# Keystone Website



## Humpty (Apr 20, 2005)

Hey guys - Have you seen the redesigned Keystone Website??

Keystone Home

Outback

When did this change?


----------



## RizFam (Feb 25, 2006)

WOW, I hadn't seen that........ very nice!


----------



## emsley3 (Feb 27, 2007)

Must of changed yesterday or today. I was on the site on Monday and it had not been changed then.

Paul


----------



## mswalt (Sep 14, 2004)

I like that! I even sent them a "suggestion" about their Sydney line.









Mark


----------



## bradnbecca (Feb 12, 2007)

It had to have changed overnight last night. I was there yesterday and it was still the old format.


----------



## wolfwood (Sep 19, 2005)

Looks good! Much easier to navigate!!!

I, too, sent a suggestion.....they need to talk to Doug about having a direct link to us!!! What better marketing could they get???? and what better resource could there be for a prospective buyer????


----------



## map guy (Jan 11, 2007)

bradnbecca said:


> It had to have changed overnight last night. I was there yesterday and it was still the old format.


X2 -I looked at specs yesterday on the 'roo models. It was the old web page style then.

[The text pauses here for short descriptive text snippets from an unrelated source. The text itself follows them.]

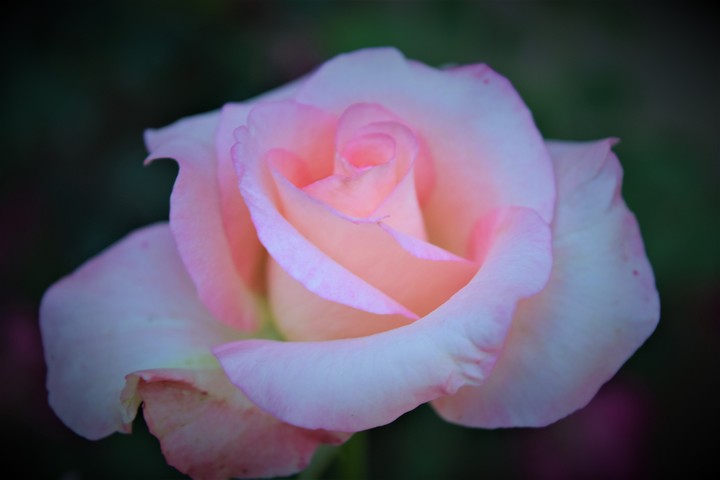 Rosy Pink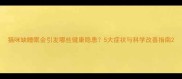猫咪缺睡眠会引发哪些健康隐患5大症状与科学改善指南
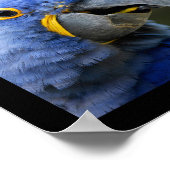 Mozaïekfoto's van papegaaien poster (Hoek)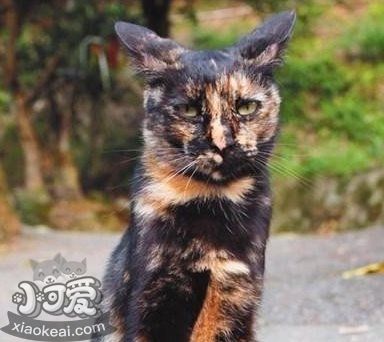 貓咪性格怎么判斷 根據(jù)貓咪毛色判斷性格5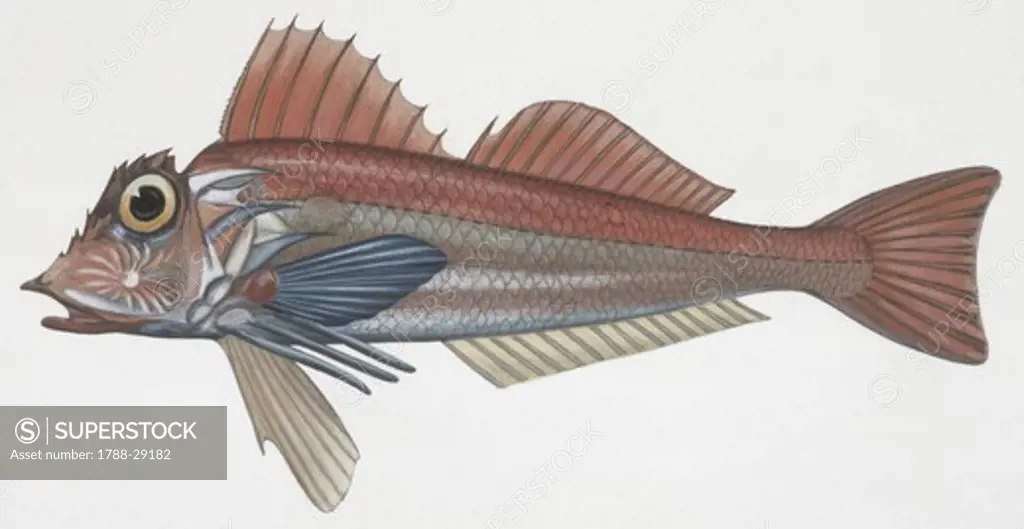 Zoology: Fishes: (Lepidotriglia cavillone), illustration  Biology: Zoology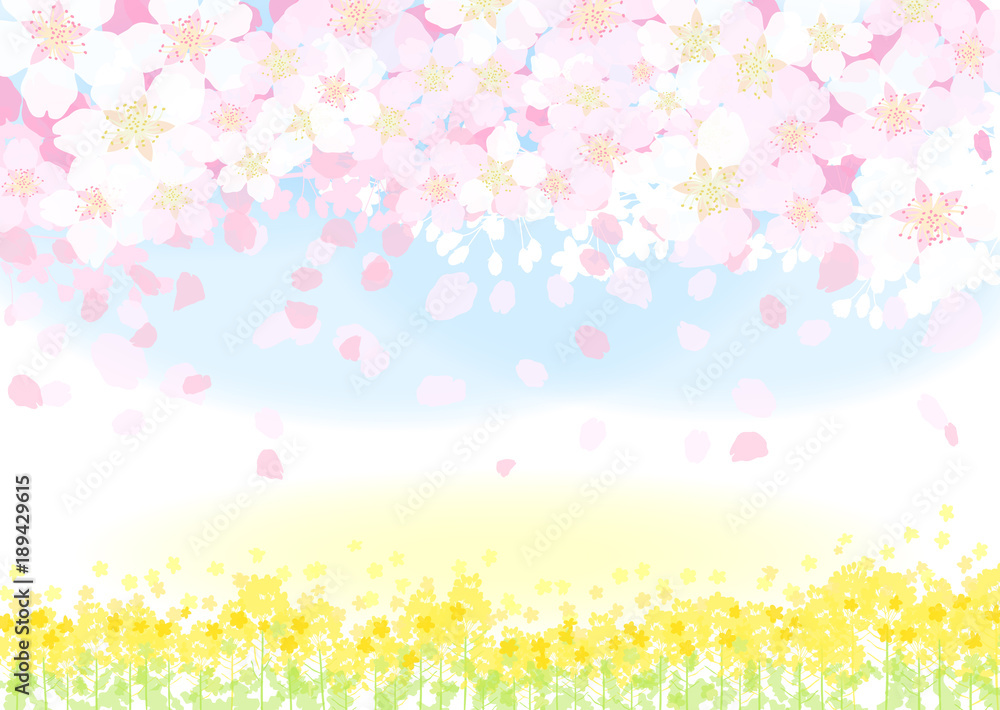 菜の花　桜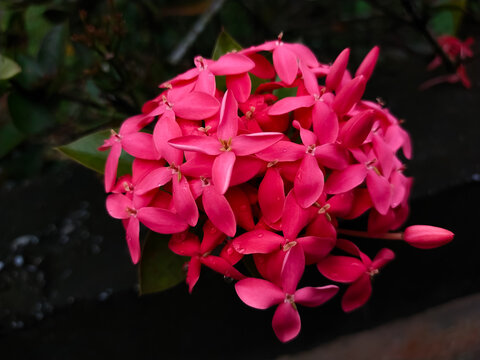 The Ixora coccinea L plant with pink petal flower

New style is easier on the eyes and they have the 2007 brochure available finally!

Map Guy


----------



## ED_RN (Jun 25, 2006)

Really nice. I'll guess Gilligan wasn't in charge of this project.


----------



## PDX_Doug (Nov 16, 2004)

WOW! That really is beautiful!
Way to go Keystone!









Happy Trails,
Doug


----------



## 4ME (Sep 11, 2006)

Looks Great!
have you noticed some of the standard stuff has changed too!


----------



## Travelers (Apr 6, 2006)

It look nice - but I'm surprised that after all that work they still give the same wrong info. For both the new 26KBRS & old 28RSDS the streetside top upper and lower bunk measurements are still reversed. Must not be that important to them.


----------



## wolfwood (Sep 19, 2005)

Travelers said:


> It look nice - but I'm surprised that after all that work they still give the same wrong info. For both the new 26KBRS & old 28RSDS the streetside top upper and lower bunk measurements are still reversed. Must not be that important to them.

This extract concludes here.